PROMPT: In full and without change, retype the records.
----------------------------------------
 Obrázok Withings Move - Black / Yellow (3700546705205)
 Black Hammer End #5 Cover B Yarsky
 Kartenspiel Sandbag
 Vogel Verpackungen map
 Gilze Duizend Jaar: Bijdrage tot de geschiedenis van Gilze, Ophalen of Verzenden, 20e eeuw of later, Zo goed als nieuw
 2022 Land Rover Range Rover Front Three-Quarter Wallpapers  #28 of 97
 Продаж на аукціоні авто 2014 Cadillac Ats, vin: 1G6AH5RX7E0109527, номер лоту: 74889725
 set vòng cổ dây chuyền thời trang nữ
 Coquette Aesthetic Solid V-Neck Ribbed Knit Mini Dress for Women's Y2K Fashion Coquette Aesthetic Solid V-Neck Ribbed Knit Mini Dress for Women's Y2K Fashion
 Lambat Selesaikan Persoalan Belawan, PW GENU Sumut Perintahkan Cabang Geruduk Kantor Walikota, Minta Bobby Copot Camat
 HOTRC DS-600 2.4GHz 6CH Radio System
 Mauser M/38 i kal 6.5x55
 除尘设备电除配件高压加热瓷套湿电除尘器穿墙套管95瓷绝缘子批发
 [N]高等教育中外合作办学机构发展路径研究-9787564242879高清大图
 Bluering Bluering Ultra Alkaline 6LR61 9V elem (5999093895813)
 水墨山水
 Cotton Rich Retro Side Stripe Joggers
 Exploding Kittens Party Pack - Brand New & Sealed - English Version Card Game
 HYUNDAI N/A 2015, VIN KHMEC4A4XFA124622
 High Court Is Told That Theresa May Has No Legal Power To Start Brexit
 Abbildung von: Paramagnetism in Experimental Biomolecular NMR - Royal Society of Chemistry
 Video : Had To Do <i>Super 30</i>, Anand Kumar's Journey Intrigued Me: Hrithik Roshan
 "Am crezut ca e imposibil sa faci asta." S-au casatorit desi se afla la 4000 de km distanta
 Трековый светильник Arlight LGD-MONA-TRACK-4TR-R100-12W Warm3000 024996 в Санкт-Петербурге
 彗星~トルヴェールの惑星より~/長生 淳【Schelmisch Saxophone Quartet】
----------------------------------------
THE ANSWER:
 Obrázok Withings Move - Black / Yellow (3700546705205)
 Black Hammer End #5 Cover B Yarsky
 Kartenspiel Sandbag
 Vogel Verpackungen map
 Gilze Duizend Jaar: Bijdrage tot de geschiedenis van Gilze, Ophalen of Verzenden, 20e eeuw of later, Zo goed als nieuw
 2022 Land Rover Range Rover Front Three-Quarter Wallpapers  #28 of 97
 Продаж на аукціоні авто 2014 Cadillac Ats, vin: 1G6AH5RX7E0109527, номер лоту: 74889725
 set vòng cổ dây chuyền thời trang nữ
 Coquette Aesthetic Solid V-Neck Ribbed Knit Mini Dress for Women's Y2K Fashion Coquette Aesthetic Solid V-Neck Ribbed Knit Mini Dress for Women's Y2K Fashion
 Lambat Selesaikan Persoalan Belawan, PW GENU Sumut Perintahkan Cabang Geruduk Kantor Walikota, Minta Bobby Copot Camat
 HOTRC DS-600 2.4GHz 6CH Radio System
 Mauser M/38 i kal 6.5x55
 除尘设备电除配件高压加热瓷套湿电除尘器穿墙套管95瓷绝缘子批发
 [N]高等教育中外合作办学机构发展路径研究-9787564242879高清大图
 Bluering Bluering Ultra Alkaline 6LR61 9V elem (5999093895813)
 水墨山水
 Cotton Rich Retro Side Stripe Joggers
 Exploding Kittens Party Pack - Brand New & Sealed - English Version Card Game
 HYUNDAI N/A 2015, VIN KHMEC4A4XFA124622
 High Court Is Told That Theresa May Has No Legal Power To Start Brexit
 Abbildung von: Paramagnetism in Experimental Biomolecular NMR - Royal Society of Chemistry
 Video : Had To Do <i>Super 30</i>, Anand Kumar's Journey Intrigued Me: Hrithik Roshan
 "Am crezut ca e imposibil sa faci asta." S-au casatorit desi se afla la 4000 de km distanta
 Трековый светильник Arlight LGD-MONA-TRACK-4TR-R100-12W Warm3000 024996 в Санкт-Петербурге
 彗星~トルヴェールの惑星より~/長生 淳【Schelmisch Saxophone Quartet】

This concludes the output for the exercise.